Antonio Aramayona
Cuenta Eduardo Galeano en un pequeño y conocido relato (Tragos)
que en un bar de Quito regentado desde hacía muchos años por El Turco,
conocedor de los gustos y preferencias de cada cliente, cada noche se
acercaba un hombre que pedía siempre dos martinis con sendas aceitunas
que bebía a la vez, un sorbo de una copa y otro sorbo de la otra. Una
noche El Turco pudo sonsacar de aquel hombre que un amigo suyo, a la
misma hora, a las ocho en punto, hacía lo mismo en un bar de Ottawa, lo
que les hacía sentir que bebían cada día una copa juntos.
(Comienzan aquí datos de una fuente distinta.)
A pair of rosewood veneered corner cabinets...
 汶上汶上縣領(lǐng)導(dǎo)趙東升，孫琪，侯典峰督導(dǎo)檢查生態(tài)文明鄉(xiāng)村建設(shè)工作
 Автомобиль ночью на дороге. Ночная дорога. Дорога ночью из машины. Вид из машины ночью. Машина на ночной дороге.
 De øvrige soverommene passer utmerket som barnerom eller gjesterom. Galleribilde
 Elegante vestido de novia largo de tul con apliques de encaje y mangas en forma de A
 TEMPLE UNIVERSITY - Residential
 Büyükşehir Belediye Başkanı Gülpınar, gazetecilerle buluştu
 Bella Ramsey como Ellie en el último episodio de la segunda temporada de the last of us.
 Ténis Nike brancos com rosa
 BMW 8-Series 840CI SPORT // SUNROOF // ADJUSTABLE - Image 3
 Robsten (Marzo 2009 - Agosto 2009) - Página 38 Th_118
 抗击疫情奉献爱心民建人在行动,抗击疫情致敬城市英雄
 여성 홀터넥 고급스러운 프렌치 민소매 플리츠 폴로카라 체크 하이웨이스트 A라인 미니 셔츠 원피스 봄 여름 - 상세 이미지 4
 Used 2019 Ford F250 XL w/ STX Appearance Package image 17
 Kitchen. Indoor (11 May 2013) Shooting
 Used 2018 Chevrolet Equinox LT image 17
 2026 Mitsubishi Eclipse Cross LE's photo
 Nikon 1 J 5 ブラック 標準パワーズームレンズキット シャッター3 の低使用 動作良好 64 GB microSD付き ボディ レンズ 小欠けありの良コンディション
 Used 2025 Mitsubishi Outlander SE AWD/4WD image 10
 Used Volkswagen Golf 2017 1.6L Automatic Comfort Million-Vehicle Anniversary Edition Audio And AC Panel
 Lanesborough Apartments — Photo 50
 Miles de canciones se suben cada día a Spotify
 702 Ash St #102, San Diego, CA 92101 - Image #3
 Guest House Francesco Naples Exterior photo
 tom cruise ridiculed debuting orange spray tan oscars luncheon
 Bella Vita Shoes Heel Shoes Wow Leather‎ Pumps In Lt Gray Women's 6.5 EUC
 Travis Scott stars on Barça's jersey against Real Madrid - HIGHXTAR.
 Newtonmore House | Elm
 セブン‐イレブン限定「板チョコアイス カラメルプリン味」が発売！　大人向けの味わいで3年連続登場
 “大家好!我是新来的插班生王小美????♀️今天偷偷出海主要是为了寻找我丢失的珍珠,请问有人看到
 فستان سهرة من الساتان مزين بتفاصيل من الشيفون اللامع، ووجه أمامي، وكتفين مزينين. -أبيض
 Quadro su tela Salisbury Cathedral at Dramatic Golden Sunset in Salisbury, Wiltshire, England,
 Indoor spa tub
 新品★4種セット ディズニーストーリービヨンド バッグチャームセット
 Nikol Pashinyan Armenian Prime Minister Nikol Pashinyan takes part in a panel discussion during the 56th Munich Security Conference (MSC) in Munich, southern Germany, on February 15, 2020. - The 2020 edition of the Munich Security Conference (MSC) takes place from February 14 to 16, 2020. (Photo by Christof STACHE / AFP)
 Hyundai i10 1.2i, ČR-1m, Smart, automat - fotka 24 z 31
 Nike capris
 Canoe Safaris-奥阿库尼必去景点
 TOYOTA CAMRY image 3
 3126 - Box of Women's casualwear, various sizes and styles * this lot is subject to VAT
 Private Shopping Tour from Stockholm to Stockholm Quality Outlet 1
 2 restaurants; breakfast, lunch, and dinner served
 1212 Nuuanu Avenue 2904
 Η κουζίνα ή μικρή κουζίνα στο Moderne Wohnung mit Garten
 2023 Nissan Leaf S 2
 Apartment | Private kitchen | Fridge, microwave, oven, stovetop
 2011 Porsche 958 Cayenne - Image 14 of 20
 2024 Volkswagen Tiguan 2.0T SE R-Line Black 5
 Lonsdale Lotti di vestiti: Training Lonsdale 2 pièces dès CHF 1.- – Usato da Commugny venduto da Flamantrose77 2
Una noche,
aquel hombre entró en el bar y pidió un solo Martini, que bebió lento,
callado, hasta agotar la última copa. El Turco no pudo resistir darle un
toque en el hombro, por encima del mostrador, a la vez que le decía:
"Mi pésame", pero "el hombre aclaró que no, que su amigo estaba vivo y
coleando: 'Es que yo he dejado de beber' -explicó".
Siempre me ha
dejado pensativo este pequeño cuento de Galeano, especialmente sobre el
maravilloso sentido de la amistad que se oculta tras la ceremonia de
beber cada noche dos copas pensando en un amigo que está haciendo lo
mismo a miles de kilómetros de distancia, y también sobre la infinita
capacidad que tiene el ser humano para engañar a los demás y engañarse a
sí mismo. Por ejemplo, asocio al hombre bebedor de martinis de Quito
con alguna ministra
que una mañana encontró en el garaje de su casa un Jaguar recién
estrenado y afirmó no habérsele ocurrido preguntar a su marido de dónde
había salido semejante automóvil. O con alguna infanta
real que no sabe o no recuerda nada de una empresa de la que era
copropietaria y cuyos beneficios compartía con su marido al 50%. O con algún licenciado en Derecho y miembro del Cuerpo de Inspectores de Hacienda que
intentó justificar el uso de su tarjeta fraudulenta de la entidad
bancaria que presidía alegando que desconocía que no cotizara a
Hacienda, que su uso solo suponía el 2% de sus ingresos o que
simplemente era una "tradición", una "costumbre".
Son solo tres
casos dentro de un océano del chapapote que va obturando los orificios
por los que aún entra oxígeno en los pulmones de la ciudadanía, cada vez
más herida y consternada ante lo que está pasando. De vez en cuando,
sin embargo, ocurren cosas que inundan de luz y de aire fresco lo que
resta de decencia en la vida ciudadana. Como botón de muestra, el
musicólogo, compositor y director de orquesta, Jordi Savall, renunciaba recientemente al Premio Nacional de Música, concedido por el Ministerio de Educación, Cultura y Deporte,
y a los 30.000 euros que conlleva, pues desde su sensibilidad y
coherencia no podía aceptar tal galardón, teniendo en cuenta la
indignante y miserable (este último adjetivo es mío) política cultural
perpetrada desde el Ministerio que dirige José Ignacio Wert.
El
hecho es que la vida pública hispana se ha convertido en la enorme barra
de un bar donde ministros, sangres azules, banqueros, empresarios del
Ibex 35 y primos hermanos, munícipes, chorizos, trileros, defraudadores y
embaucadores en general cuentan a quien se preste a escucharles lo
razonable y ejemplar que es no solo consumir dos, doscientas o cuantas
copas les plazca, sino también quedarse con los garrafones y con el bar
entero, y a la vez declarar que desconocen o no recuerdan nada del
asqueroso detritus que han ido depositando en el país, en el caso de que
el sistema (su sistema, llamado sarcásticamente también "legalidad") no
haya impedido su comparecencia ante los tribunales de justicia.
Jordi
Savall bebe también, claro, pero no en el bar de los amos del dinero
adonde acude tanto mentecato, sino en la barra de un bar en cuya entrada
puede leerse "Decencia". Allí comparte el aire limpio con sus amigos y
con quienes hasta allí se acercan, agradecidos por comer juntos el mismo
pan y beber el mismo vino.
Salud, Jordi. Gracias y un fuerte abrazo.